Hardacre's call is that equity markets will produce good returns in 2011, but that they will be fairly volatile. "This volatility creates opportunities." As a value manager, Hardacre says his style involves some focus on industries or stocks that are out of favour. "This contrarian stance requires patience."

A 15-year veteran of Invesco Trimark, Hardacre is the lead manager of both Trimark Select Balanced and Trimark Canadian. Currently, the $1.6-billion Trimark Canadian holds about 28% of its assets in foreign securities. The fund is fairly concentrated in 41 names, of which 14 are outside Canada. Cash is around 4%, says Hardacre. "It has not been this high in a couple of years."

At last count, the biggest sector weightings in Trimark Canadian were financials at around 25% and energy at 22%. The weighting in the materials sector was modest at 7%, with some 4.5% in gold stocks. Within energy, Hardacre's holdings in the producers are split evenly between oil and natural-gas producers.

Hardacre notes that natural gas is one of the few commodities that actually went down in price last year. The fundamentals for the commodity have become unfavourable as a result of the increase in supply due to technology changes in the industry, he says.

Over time, "demand will increase and boost the price." In the meantime, Canadian natural-gas producers do not need the commodity to rise sharply to do well. "There is good value to be had in natural gas stocks."

 
Ian Hardacre

The biggest natural-gas weighting in Trimark Canadian is Progress Energy Resources Corp. PRQ, which is 5% of the fund and in its top 10 holdings. Progress has 85% of its production in natural gas. Current production is 42,000 BOE (barrel of oil equivalent) per day. "It has not been focusing on growing its production, but on building its land inventory."

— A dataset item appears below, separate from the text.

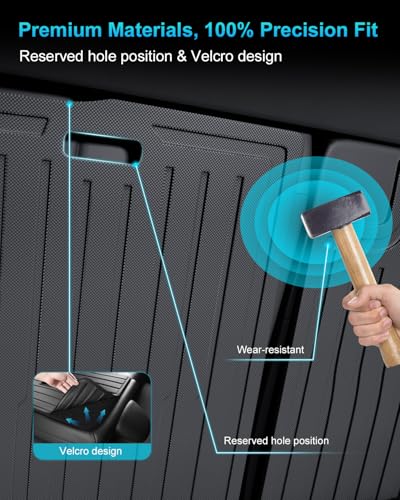 2nd Row Seatback Protector Compatible with Tesla Model 3 2018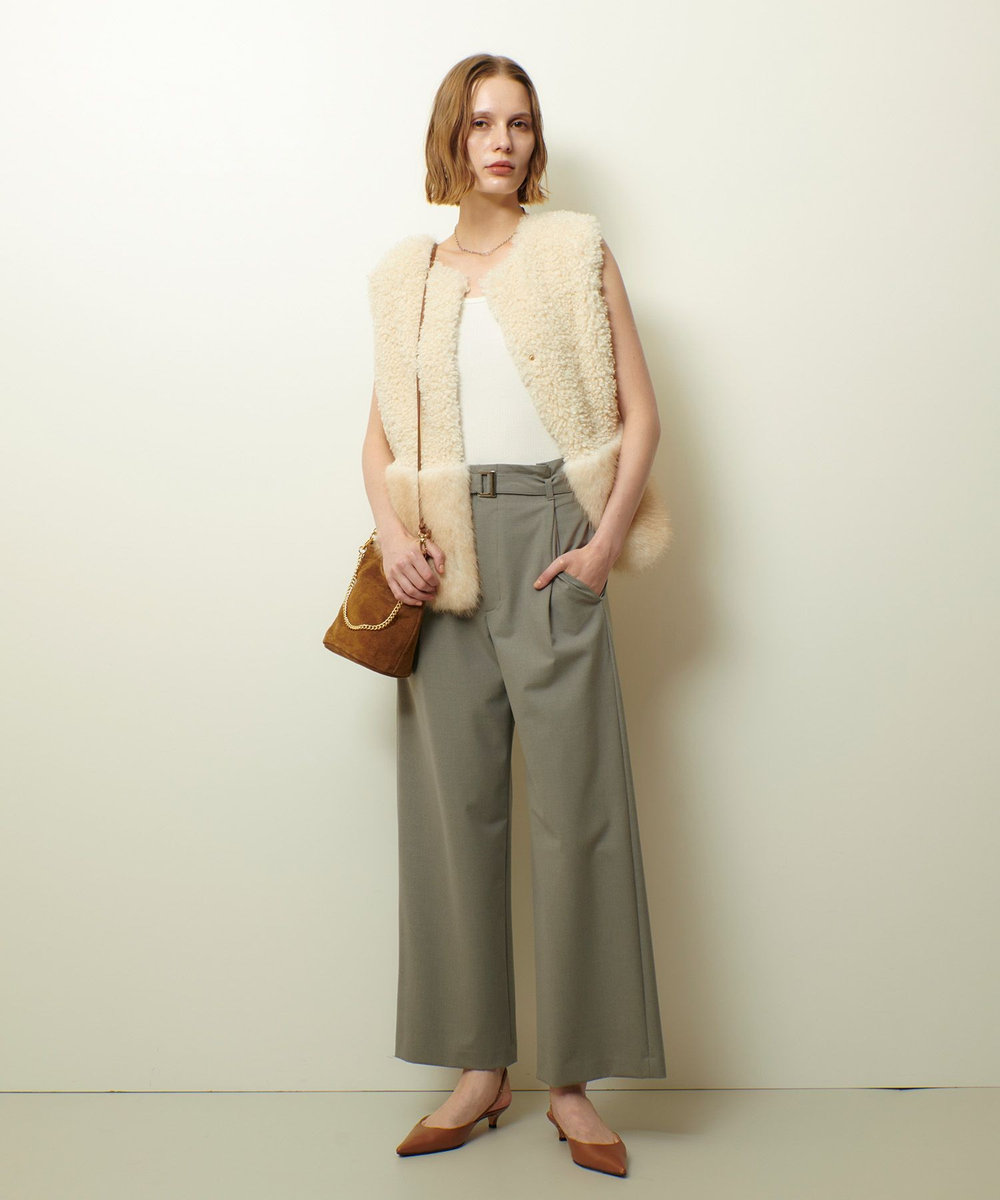 allureville TRストレッチヨークレスパンツ グレー (92)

Progress has a major land position in the Montney shale play, says Hardacre. It has amassed 900,000 net acres of land "at the right price." The focus of its exploration has been on the North Montney play in the Foothills of northeast B.C. Progress is seeking a joint-venture partner to develop portions of this. "This will provide it with more capital and also place a value on these assets."

Progress, he notes, has also built up a substantial land base in the Deep Basin of northwest Alberta. On a cash-flow-per-share multiple, the stock looks expensive, says Hardacre, but the value is in the land holdings.

Other natural-gas producers held in Hardacre's portfolio are Encana Corp. ECA at 2.5% and Tourmaline Oil Corp. TOU at 1.5%. "I owned Tourmaline as a private company and it was taken public at $21 a share toward the end of last year."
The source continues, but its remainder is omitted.